• [WORK TO BE COMPLETED] The answer must reproduce every record exactly, with all pictures omitted.
---- SOURCE INFORMATION
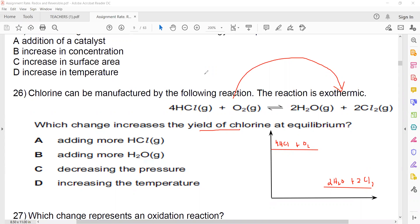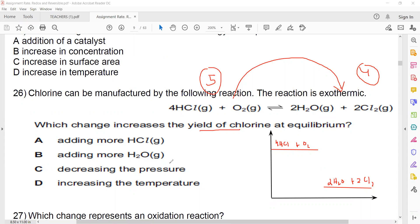Regarding pressure, we have five moles on the reactant side and four moles on the product side. If I increase the pressure, the equilibrium shifts towards the side where the number of moles is less, so I should increase the pressure — but that option isn't available; decreasing pressure is listed. If I increase the temperature, equilibrium shifts left. If I add more HCl (more reactant), the equilibrium shifts right, increasing the amount of product.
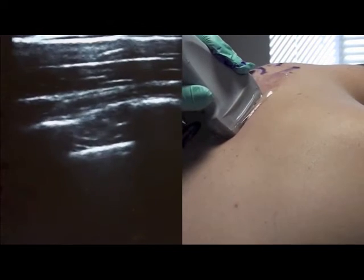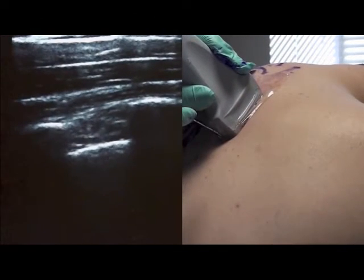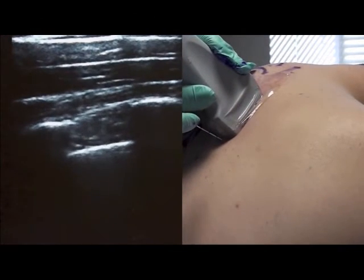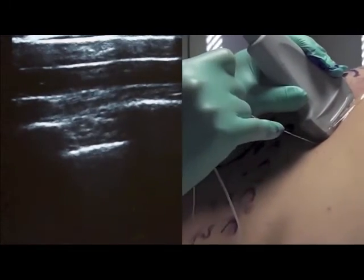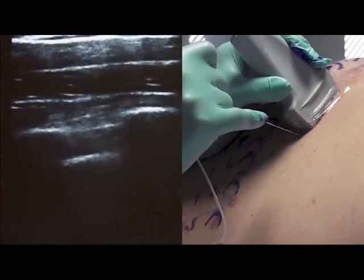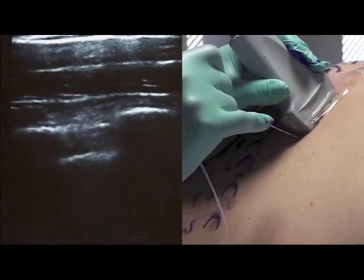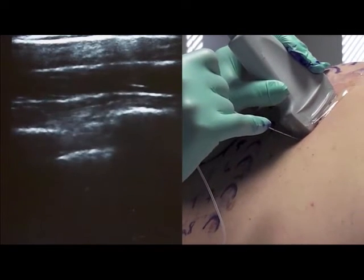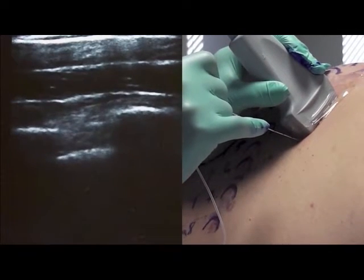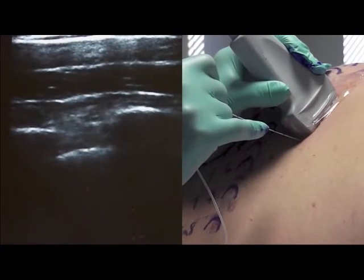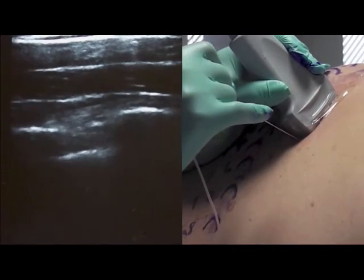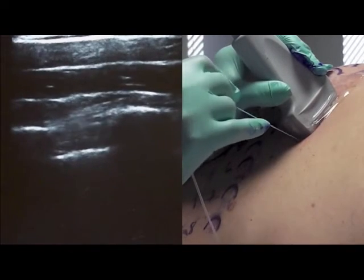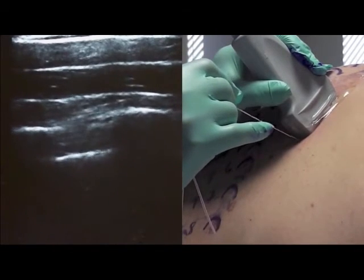This is typically the angle at which we go in. It's the type of block where the needle will come in and out of plane, and it can be very helpful to have a good assistant who can hydrodissect for you, because very often the tip of the needle will go in and out of plane. With a little bit of local anesthetic or normal saline you can locate the tip of your needle through hydrodissection.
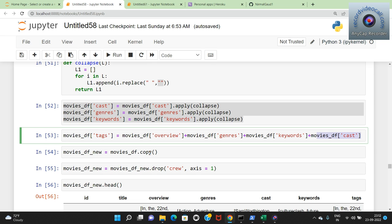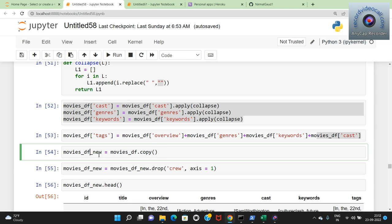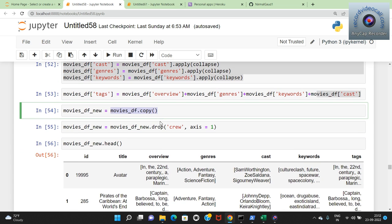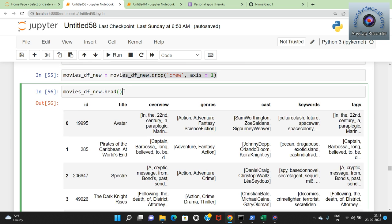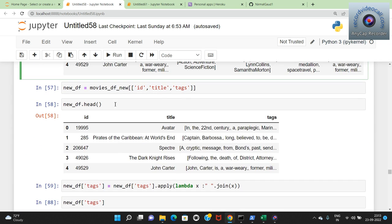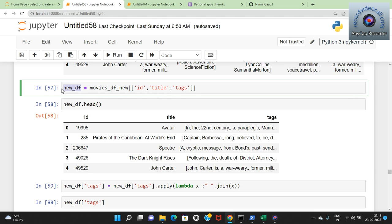I don't want to make changes to my existing dataframe, so I create a copy called movies_df_new. I also drop the crew column from the copy since I'm not using it. Then I perform feature extraction, taking only three features: id, title, and tags, creating a new dataframe new_df. The reason is that tags already combines genres, keywords, cast, and overview, so there's no sense writing them again. Only tags, title, and id are needed.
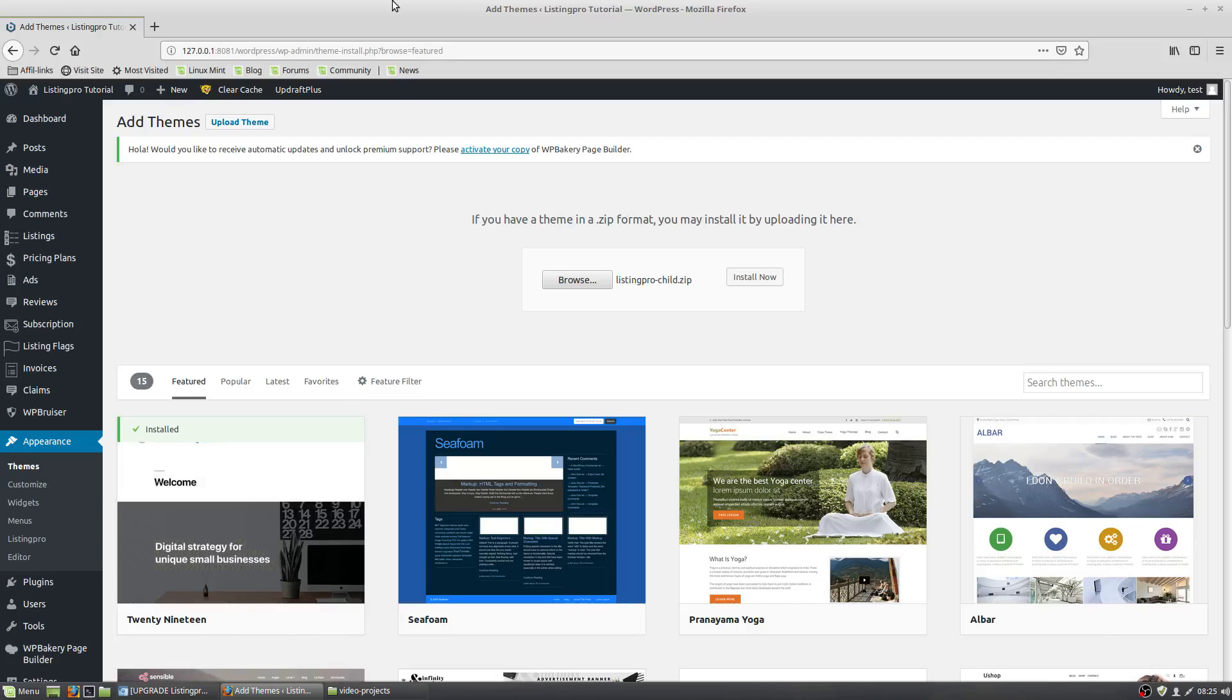Hello everybody. I'm going to show you how to install your child theme. It's very easy to do this.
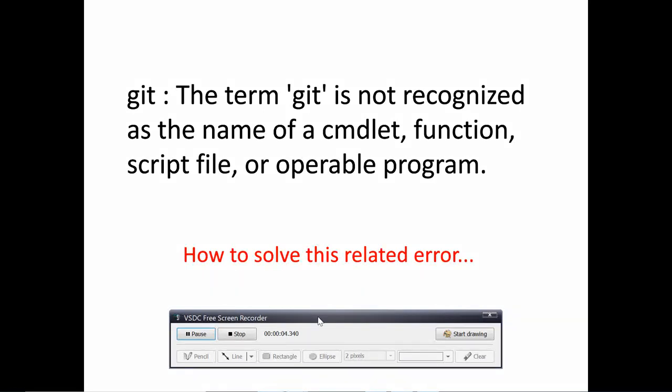Hi, welcome to this new video tutorial. Sometimes while working on Git you receive an error like this when you try to execute Git commands in your terminal or in the command prompt. You receive an error like this one. How do you solve this?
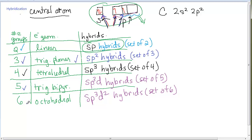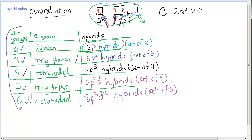So, hybridization is entirely based on the number of electron groups around the central atom, which gives us the electron geometry, and the hybridization follows directly from that. I hope this helps.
--------
• [EXERCISE SOLUTION]
Regarding pressure, we have five moles on the reactant side and four moles on the product side. If I increase the pressure, the equilibrium shifts towards the side where the number of moles is less, so I should increase the pressure — but that option isn't available; decreasing pressure is listed. If I increase the temperature, equilibrium shifts left. If I add more HCl (more reactant), the equilibrium shifts right, increasing the amount of product.
This is typically the angle at which we go in. It's the type of block where the needle will come in and out of plane, and it can be very helpful to have a good assistant who can hydrodissect for you, because very often the tip of the needle will go in and out of plane. With a little bit of local anesthetic or normal saline you can locate the tip of your needle through hydrodissection.
I don't want to make changes to my existing dataframe, so I create a copy called movies_df_new. I also drop the crew column from the copy since I'm not using it. Then I perform feature extraction, taking only three features: id, title, and tags, creating a new dataframe new_df. The reason is that tags already combines genres, keywords, cast, and overview, so there's no sense writing them again. Only tags, title, and id are needed.
Hello everybody. I'm going to show you how to install your child theme. It's very easy to do this.
Hi, welcome to this new video tutorial. Sometimes while working on Git you receive an error like this when you try to execute Git commands in your terminal or in the command prompt. You receive an error like this one. How do you solve this?
So, hybridization is entirely based on the number of electron groups around the central atom, which gives us the electron geometry, and the hybridization follows directly from that. I hope this helps.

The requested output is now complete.